**Provided data:**
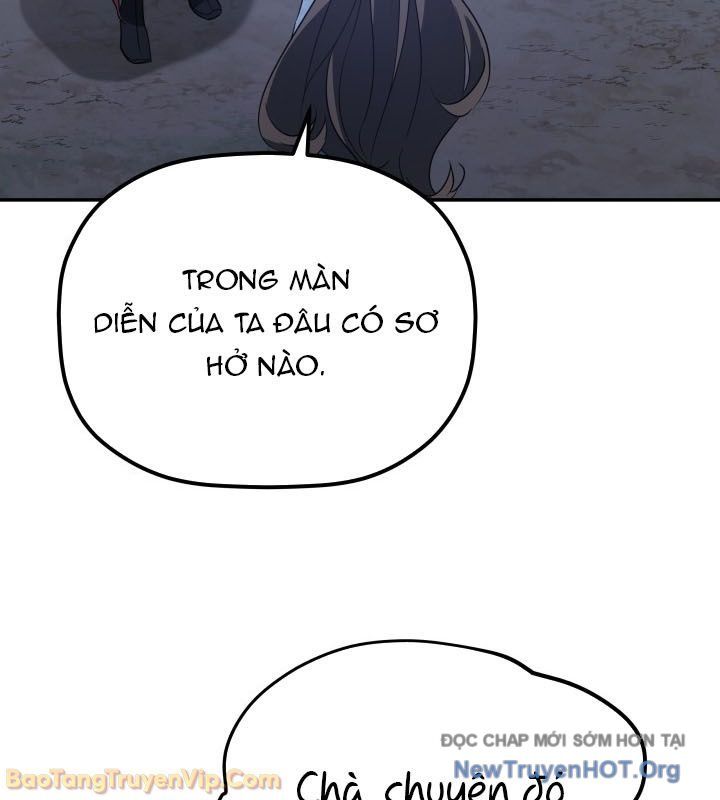 Trang 113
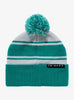 Friends Gorrito Central Perk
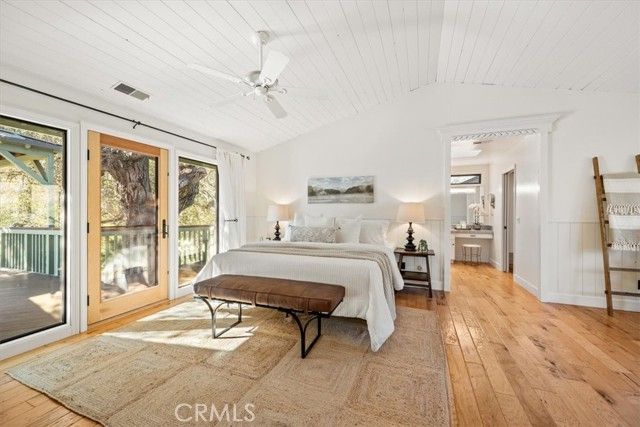 229 Blue Sky, Arroyo Grande, CA 93420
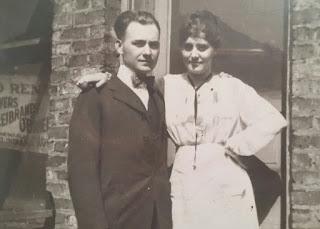 Noel James Williams, Tom Lyle Williams’ older brother, played a pivotal role in the founding and growth of the Maybelline Company. Noel James Williams, Tom Lyle Williams’ older brother, played a pivotal role in the founding and growth of the Maybelline Company.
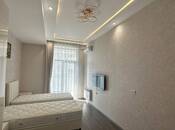 Продаётся 2-комн. новостройка 105 м², Насиминский  р., photo 6 from 8
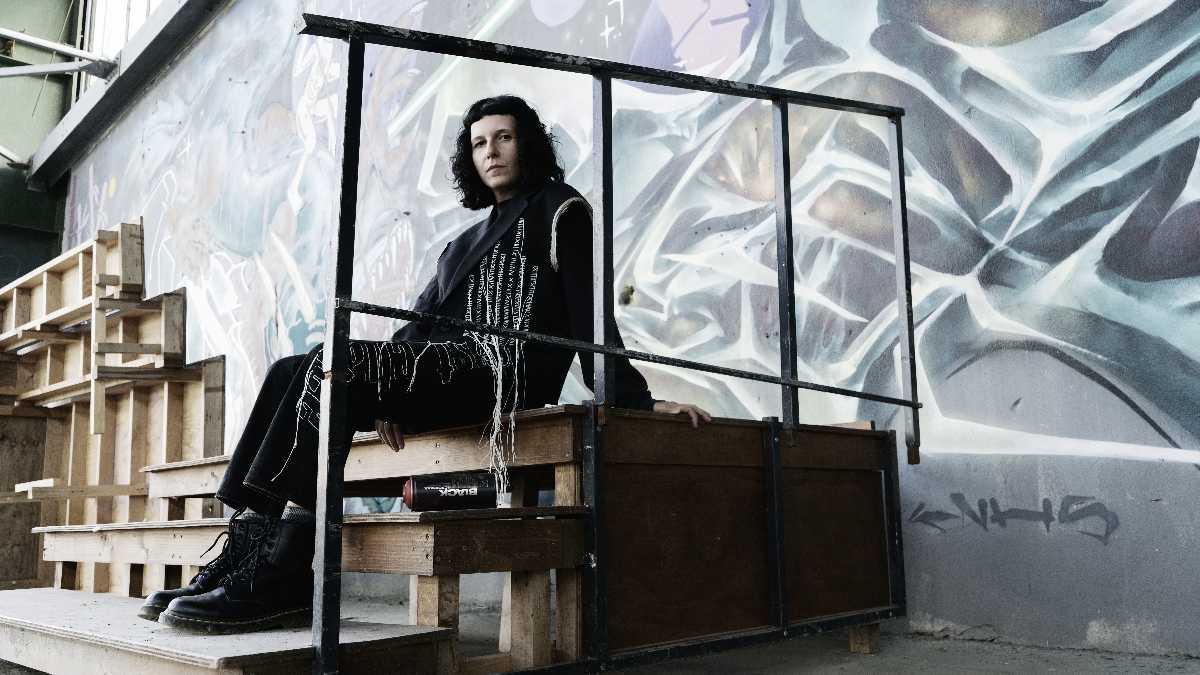 Immagine di Dai Joy Division alla pianura padana: “L'amore ci farà a pezzi”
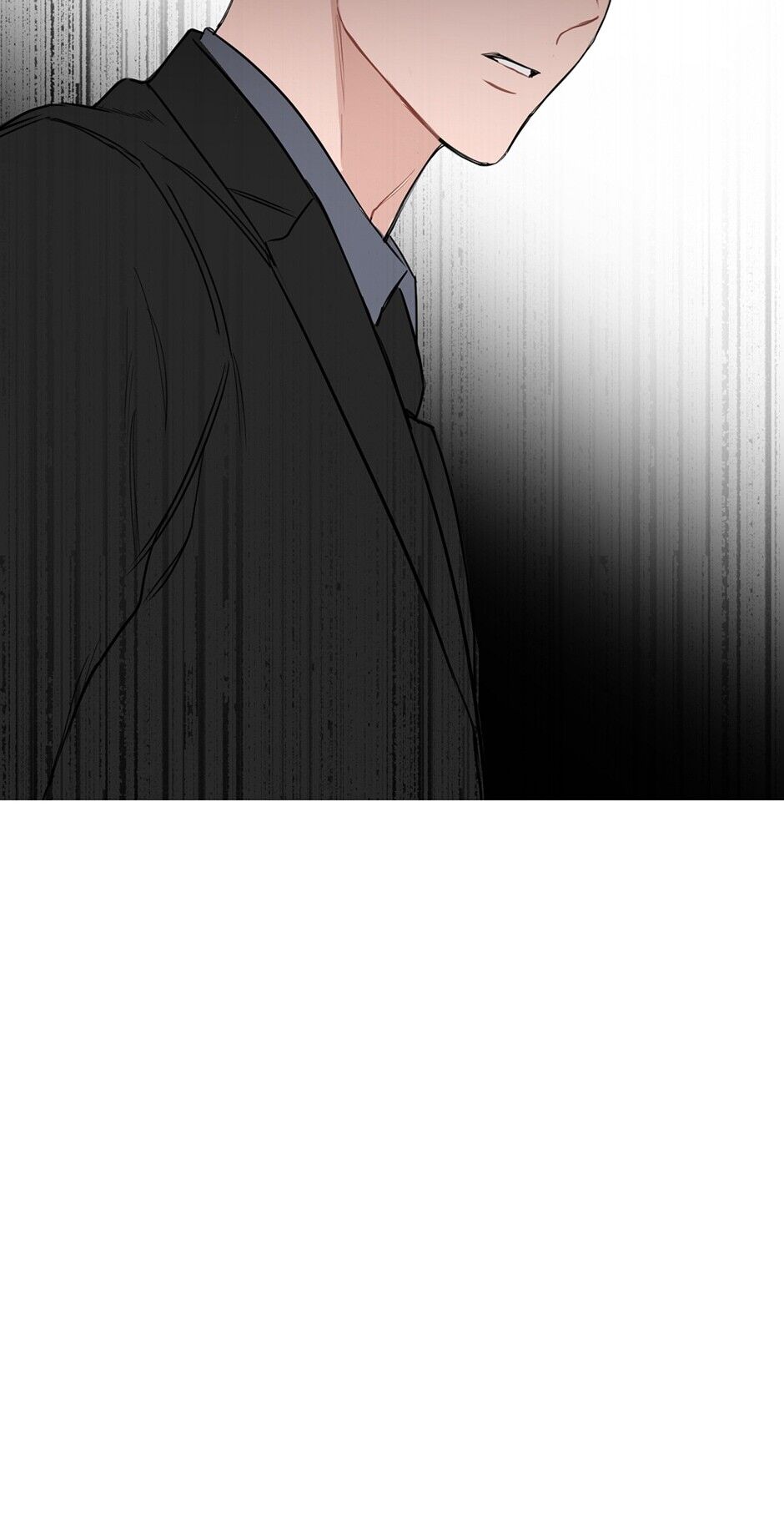 Positively Yours Chapter 42 image 48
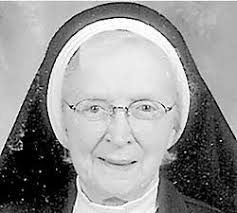 Smith Family History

**Exercise requirements:**
Please reproduce every entry above exactly, but leave out the pictures.

**Answer section:**
 Trang 113
 Friends Gorrito Central Perk
 229 Blue Sky, Arroyo Grande, CA 93420
 Noel James Williams, Tom Lyle Williams’ older brother, played a pivotal role in the founding and growth of the Maybelline Company. Noel James Williams, Tom Lyle Williams’ older brother, played a pivotal role in the founding and growth of the Maybelline Company.
 Продаётся 2-комн. новостройка 105 м², Насиминский  р., photo 6 from 8
 Immagine di Dai Joy Division alla pianura padana: “L'amore ci farà a pezzi”
 Positively Yours Chapter 42 image 48
 Smith Family History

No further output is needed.